Trump calls congressional inquiry a ‘witch hunt’

President appeared to support Michael Flynn’s request for immunity in connection with investigations into Russian ties
Michael Flynn, Donald Trump’s former national security adviser, at a pre-inauguration event in Washington, Jan. 19, 2017.
Michael Flynn, Donald Trump’s former national security adviser, at a pre-inauguration event in Washington, Jan. 19, 2017.

WASHINGTON — President Donald Trump on Friday said Michael Flynn, the national security adviser who resigned last month over his contacts with Russian officials, should ask for immunity from prosecution in the congressional investigation into his campaign’s ties to Moscow. Trump called the probe a “witch hunt” by the media and Democrats.

The president made the remark in a Twitter posting the morning after it was revealed that Flynn was seeking an immunity deal as part of an offer to testify in the investigations by the House and Senate intelligence committees into Russian meddling. Those inquiries are looking into the presidential election and potential collusion between Trump’s campaign staff members and the Russians.

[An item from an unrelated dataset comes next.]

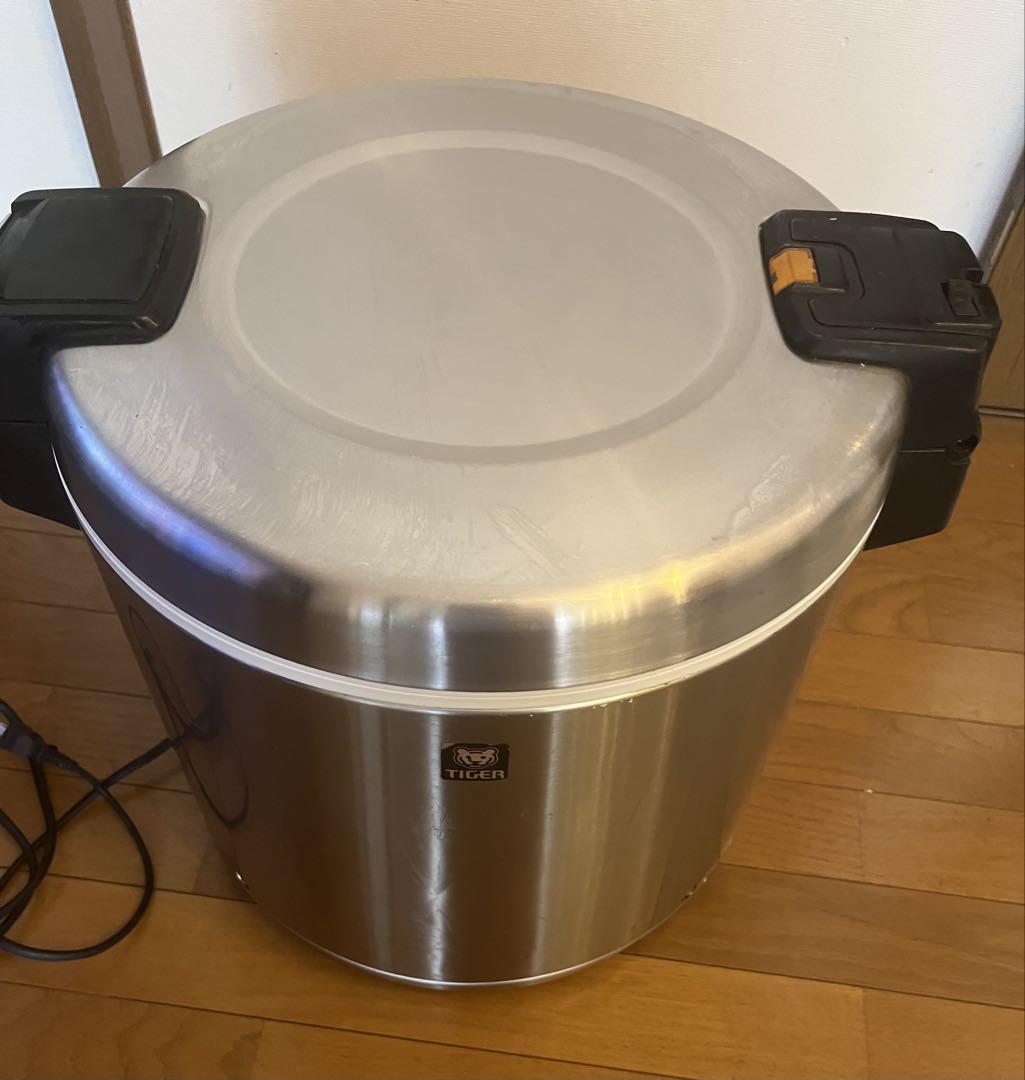 ◎動作品◎TIGER 電子ジャー 容量：9.0L 5升　JHC-900A
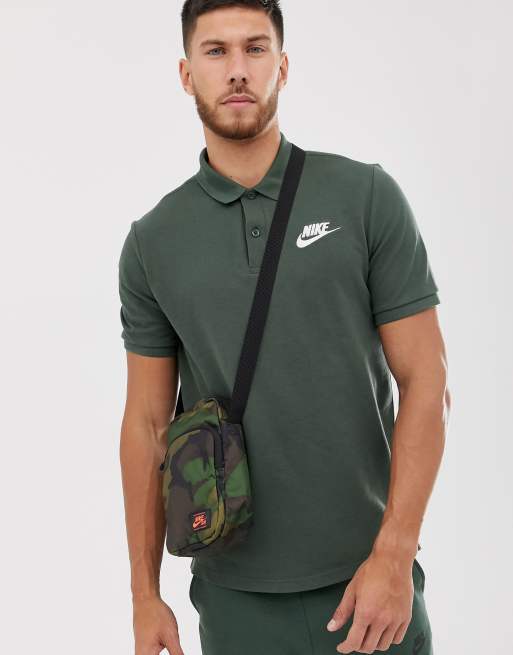 Polo discount nike vert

“Mike Flynn should ask for immunity in that this is a witch hunt (excuse for big election loss), by media & Dems, of historic proportion!” Trump said in the message.

It was not clear from Trump’s posting whether he fully appreciated the potential impact on his administration if Flynn received immunity to participate fully in the probe. But he has said previously that seeking protection from prosecution is a telltale sign of wrongdoing.

“If you’re not guilty of a crime, what do you need immunity for, right?” he said at a campaign rally in Orlando, Florida, in September. Trump was referring to Hillary Clinton aides who received immunity during an FBI inquiry into her private email server.

His mention of a witch hunt echoed the language used by Flynn’s lawyer, Robert Kelner, in a statement Thursday evening about possible testimony by his client. “No reasonable person, who has the benefit of advice from counsel, would submit to questioning in such a highly politicized, witch-hunt environment without assurances against unfair prosecution,” Kelner wrote.

“Gen. Flynn certainly has a story to tell, and he very much wants to tell it, should circumstances permit,” he added.

A congressional official said investigators were unwilling to broker a deal with Flynn — who resigned last month after admitting he misled White House officials about his contacts with Russia’s ambassador to the United States — until they are further along in their inquiries and they better understand what information Flynn might offer as part of a deal.